Mostar (taz) – Noch vor einigen Monaten bestimmten ausgebrannte Fernsterhöhlen das Bild der Mladena-Balorde-Straße in Ostmostar. Jetzt haben sich neue Cafés und Läden im Erdgeschoß der zumeist einstöckigen Häuser angesiedelt. Eines der besonders prächtigen Eckhäuser ist vollständig renoviert. Das „Schweizer Haus Mostar“ ist, äußerlich betrachtet, ein Schmuckstück geworden. Und auch das, was dort inhaltlich getan wird, kann sich sehen lassen.

Mit Hilfe des Schweizerischen Arbeiterhilfswerkes (SAH) und Spenden aus Deutschland haben die Initiatorinnen – eine Gruppe von bosnischen Frauen der Frauenvereinigung Vrelo – hier ein Begegnungshaus für traumatisierte Frauen geschaffen. In den geschmackvoll im bosnischen Stil wiederhergerichteten Räumen sollen Frauen nicht nur „Kraft schöpfen, sich austauschen und Entspannung finden“, sondern auch die Möglichkeit erhalten, sich ausbilden zu lassen.

Neben Computer- und Buchführungskursen sollen sie sich Kenntnisse und Fähigkeiten für das Management von Betrieben aneignen. „Wir wollen neue Perspektiven für die Frauen schaffen“, sagt Marianne Roth, Vertreterin des Schweizerischen Arbeiterhilfswerkes aus Zürich. Die seit vier Jahren in Bosnien für die Belange von Frauen wirkende Projektleiterin Hannelore Rückert betont angesichts der traditionellen Rollenzuweisung in der bosnischen Gesellschaft zudem die „Stärkung der Selbstinitiative der bosnischen Frauen“.

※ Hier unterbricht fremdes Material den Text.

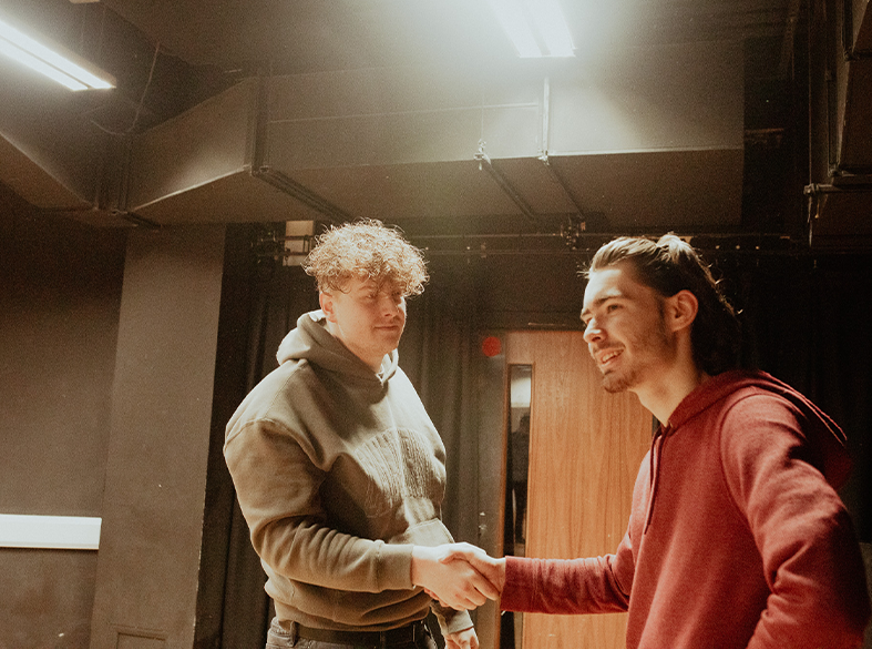 male drama students smiling in class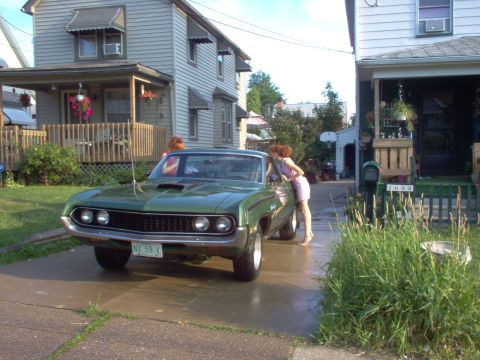 1970 Ford Ranchero - A green 1970 Ford Ranchero is parked in a driveway, with two women standing near the vehicle.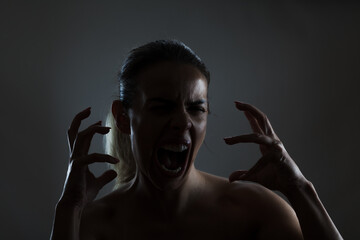 Expressive woman screaming powerfully, showing raw emotion and intensity in a dramatic lighting setup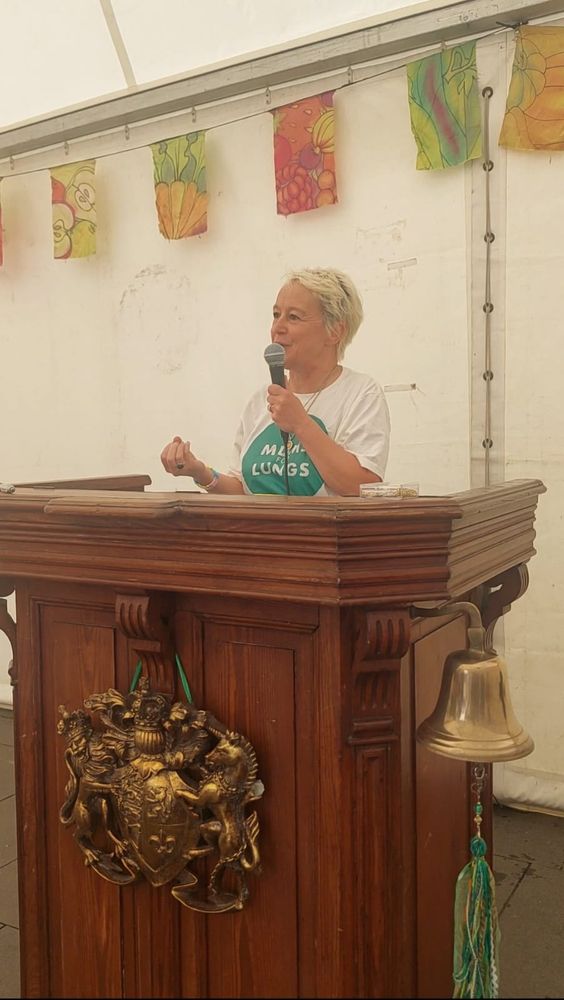A woman with a microphone, giving a talk, standing behind a large wooden podium with a brass crest on the front. 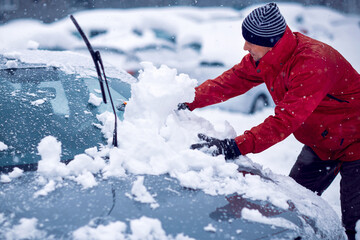 Winter problems of car drivers. man brushing the snow off his car on a  winter day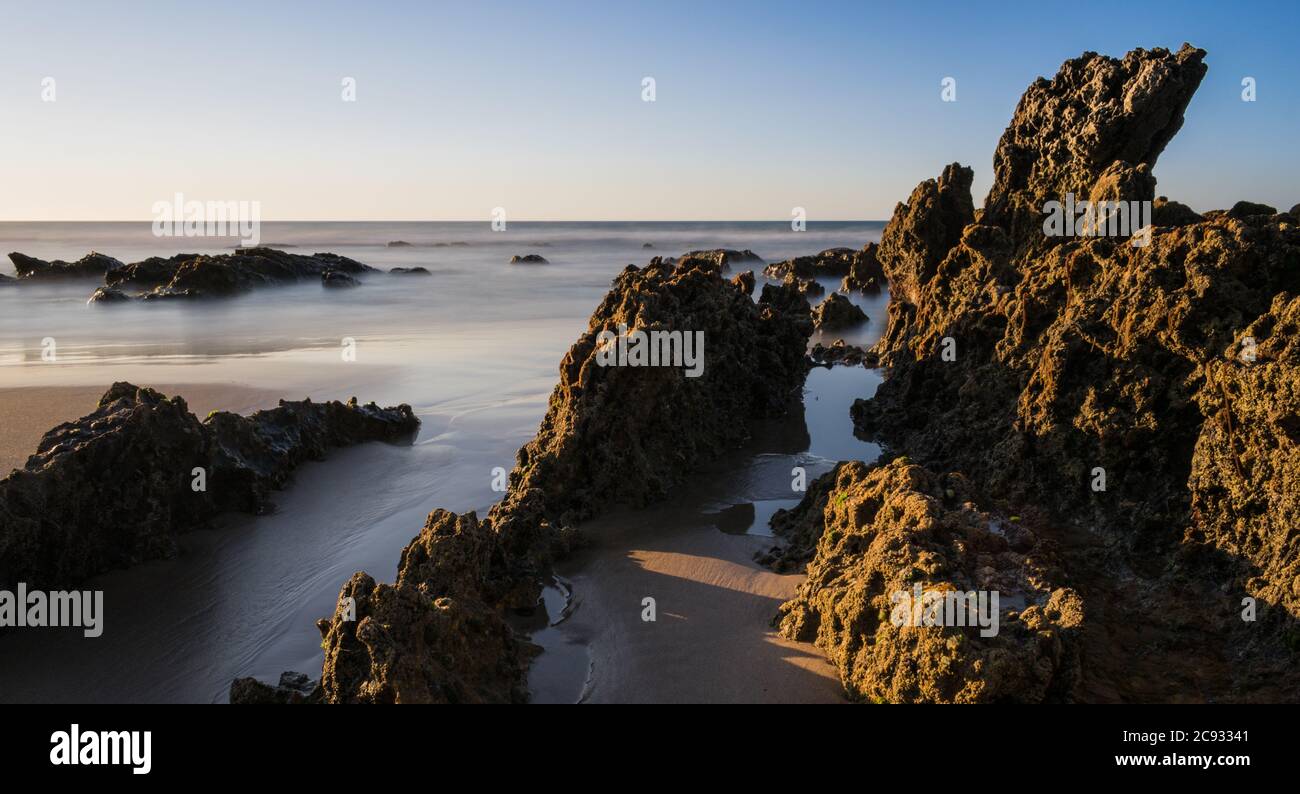 Light Beach Rocks light of the sunset illuminate the rocks on the beach Stock Photo - Alamy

Viele der im Projekt aktiven Frauen kommen aus Flüchtlingsfamilien, deren Situation trotz des jetzt herrschenden Friedens alles andere als rosig ist. Den meisten Familien steht nur ein Wohnraum zur Verfügung, oftmals müssen die sanitären Einrichtungen mit anderen Familien geteilt werden. „Ich hoffe, daß ich über dieses Projekt Arbeit finden oder selbst etwas aufbauen kann“, sagt eine der zahlreichen Besucherinnen.

Seit 1995 versucht die Frauenorganisation Vrelo über ihre Projekte neue Betriebe aufzubauen. Sie will den Frauen zumindest die Möglichkeit geben, ein Zubrot zu verdienen. So entstanden Kleinunternehmen zur Milch- und Gemüseproduktion, ein anderes Projekt ist im Textilbereich angesiedelt. Mehr als fünfzig Familien haben so eine Existenzgrundlage erhalten. In Zusammenarbeit mit der Weltbank und anderen Institutionen sollen nun Mikrokredite vergeben werden, die den Start von weiteren Kleinbetrieben ermöglichen. Auch deshalb macht es Sinn, die Frauen für die dazu benötigten Aufgaben zu qualifizieren.

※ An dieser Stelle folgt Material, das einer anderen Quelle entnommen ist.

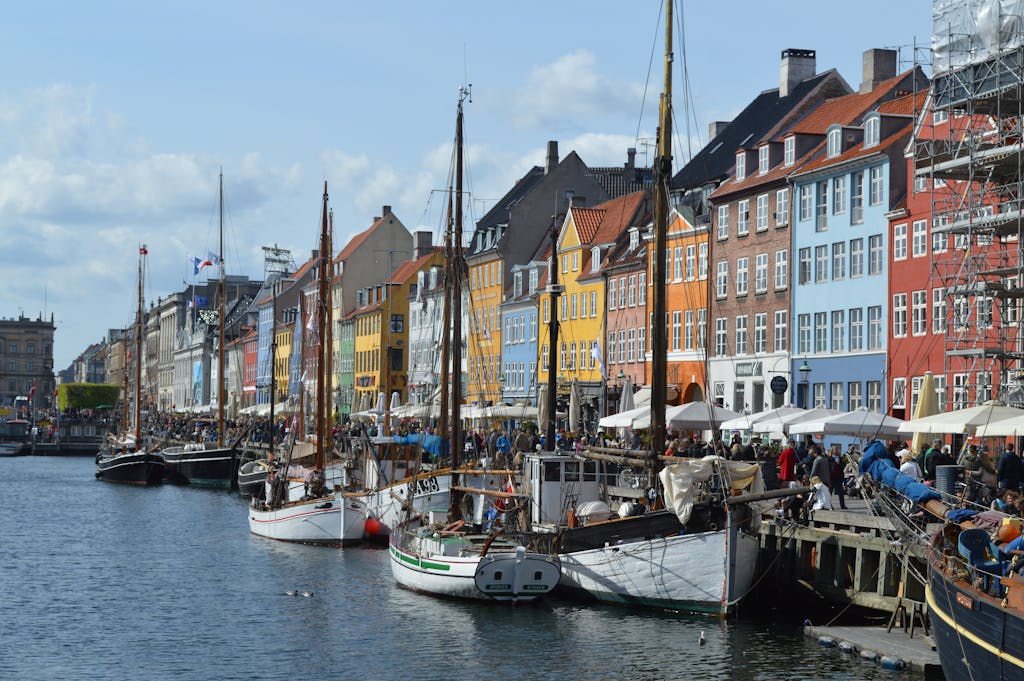 Vibrant waterfront scene of Nyhavn harbor with historic buildings and boats in Copenhagen.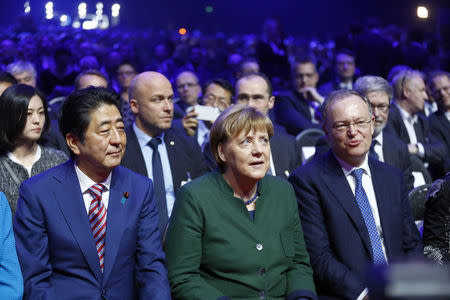 Japanese Prime Minister Shinzo Abe (L-R), German Chancellor Angela Merkel and Stephan Weil Lower Saxony attend the opening ceremony of the CeBit computer fair, which will open its doors to the public on March 20, at the fairground in Hanover, Germany, March 19, 2017. REUTERS/Morris Mac Matzen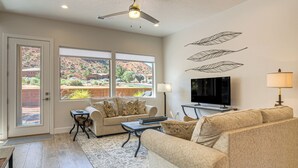 Ein Wohnzimmer mit einer Couch, Couchtisch, Fernseher und Wandkunst mit Blättern.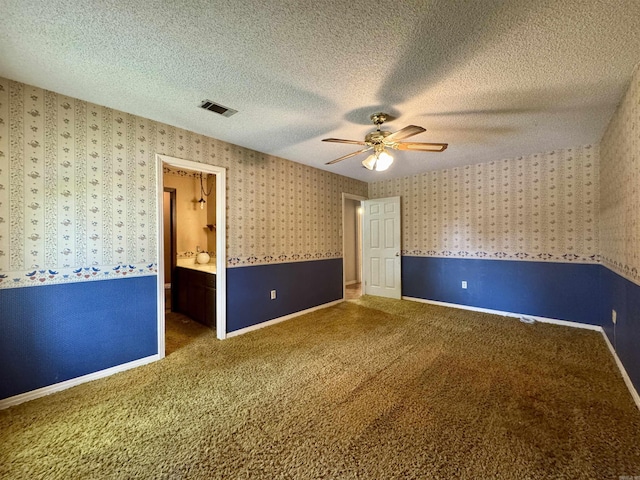 701 Emerald Gardens Dr, North Little Rock, AR 72118 - empty room with a ceiling fan, carpet floors, a textured ceiling, and wallpapered walls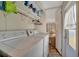 Convenient laundry room featuring washer, dryer, and storage shelves for efficient organization at 104 Saint Kitts Way, Apollo Beach, FL 33572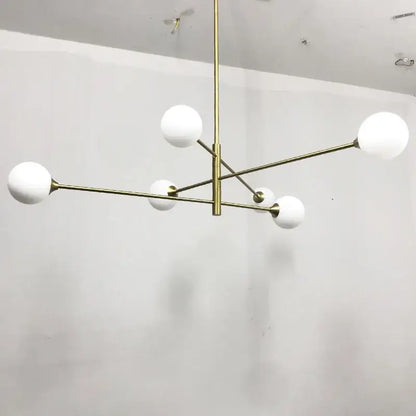 Modern decorbites glass brass chandelier with six frosted glass globes for elegant living room lighting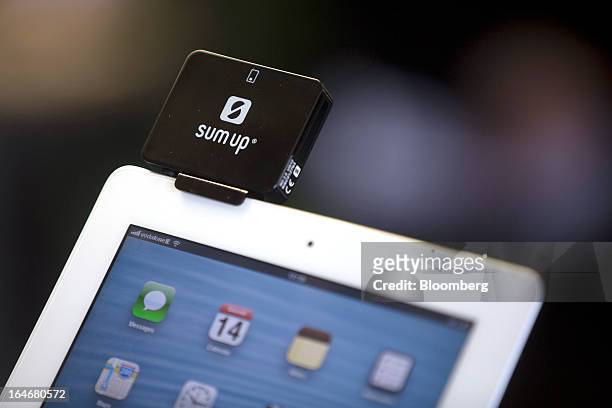 Credit and debit card reader manufactured by SumUp Ltd., specialists in mobile transactions, sits on an Apple Inc. IPad inside the company's...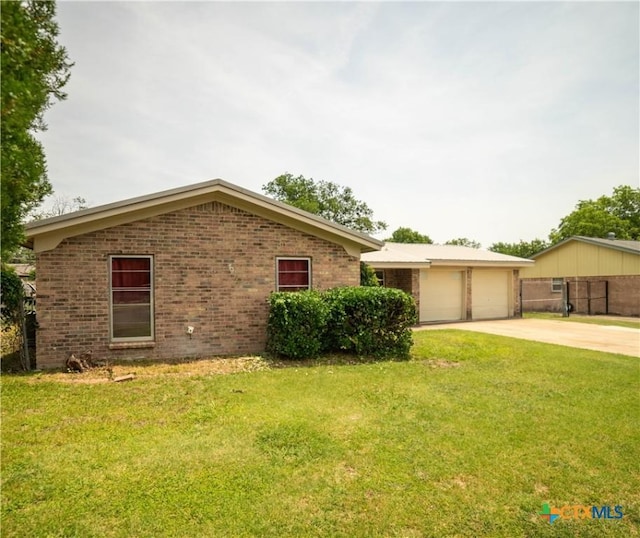 1906 N 60th St, Killeen, TX 76543 - ranch-style house featuring brick siding, driveway, a front yard, and a garage
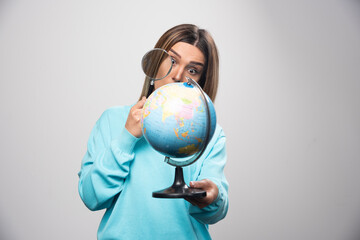 Fototapeta premium Blonde girl in blue sweatshirt holding a globe and looking for a destination with magnifier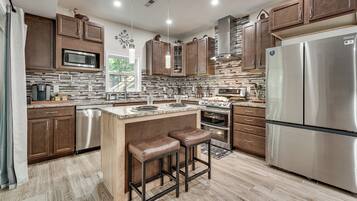 A modern kitchen with stainless steel appliances, wooden cabinets, and a central island with stools.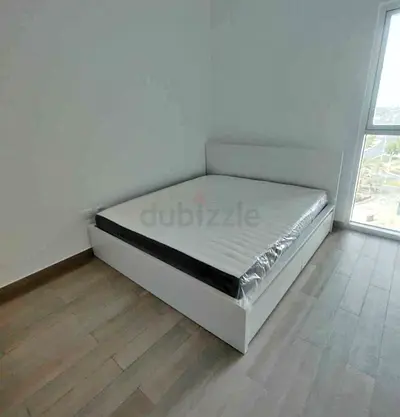 IKEA malam king‑size bed (180 × 200 cm) with 2 storage drawers and an IKEA mattress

Daß mit der Schweizer Nationalrätin Angeline Fankhauser und dem ehemaligen Administrator von Mostar, Hans Koschnick, auch Prominenz zur Eröffnungsfeier am vergangenen Montag anwesend war, freute die Frauen. Zusammen mit der deutschen Sozialdemokratin und Europaabgeordneten Mechthild Rothe gelang es ihnen, das Geld für das gemeinsam unterstützte Projekt aufzutreiben. Koschnick spendete einen Teil seines vom Bundesland Hessen verliehenen Friedenspreises, Mechthild Rothe sammelte 130.000 Mark in ihrer Heimatregion Paderborn.

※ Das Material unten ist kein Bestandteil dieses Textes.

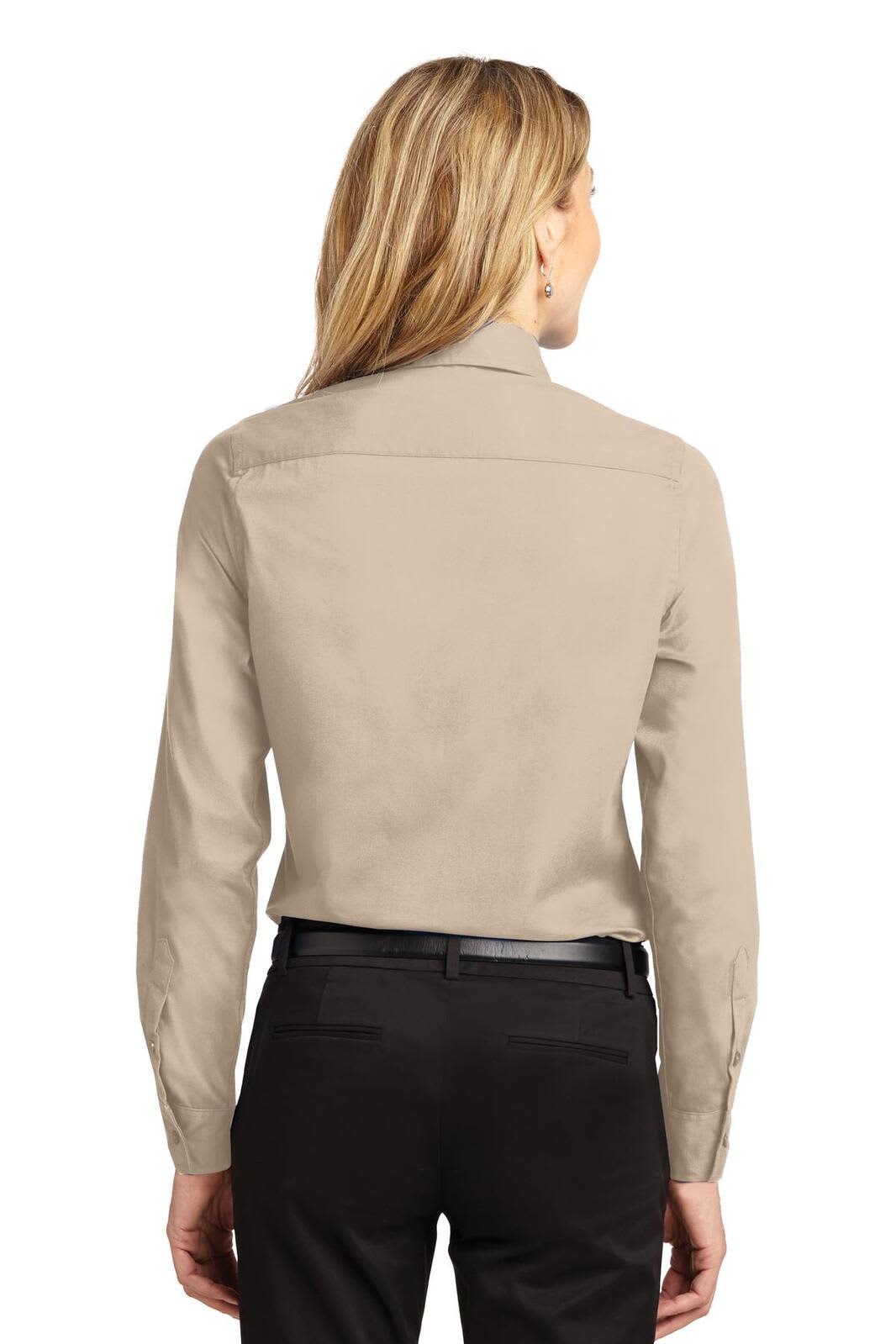 A long sleeve, button-up shirt in a light beige colour, featuring a plain back design.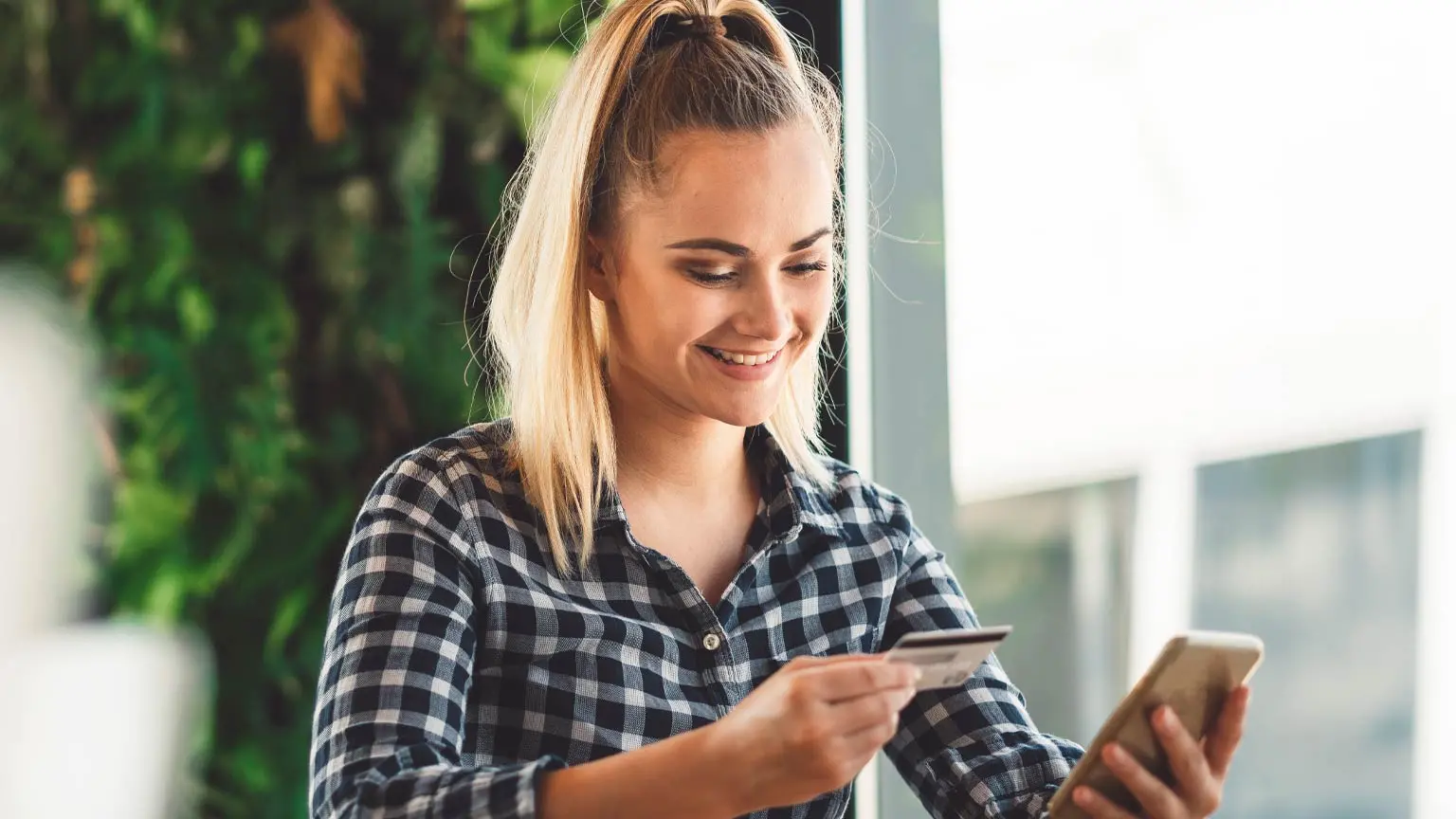 Junge Frau mit Kreditkarte und Handy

Doch der größte Teil der Finanzierung kommt aus Zürich. Angeline Fankhauser, Generalsekretärin des Schweizerischen Arbeiterhilfswerkes, peilt nun einen noch größeren Rahmen für die Bosnienhilfe ihrer Organisation an. Daß die Schweiz den Rückkehrern bei ihrer Ankunft in Bosnien nicht nur Überbrückungsgelder zahlt, sondern auch eine gleich hohe Summe für die in Bosnien Gebliebenen, findet sie richtig. Sie möchte jedoch darüber hinaus Strukturen schaffen, in denen auch „konkrete wirtschaftliche Perspektiven für die Reintegration von Flüchtlingen“ entwickelt werden.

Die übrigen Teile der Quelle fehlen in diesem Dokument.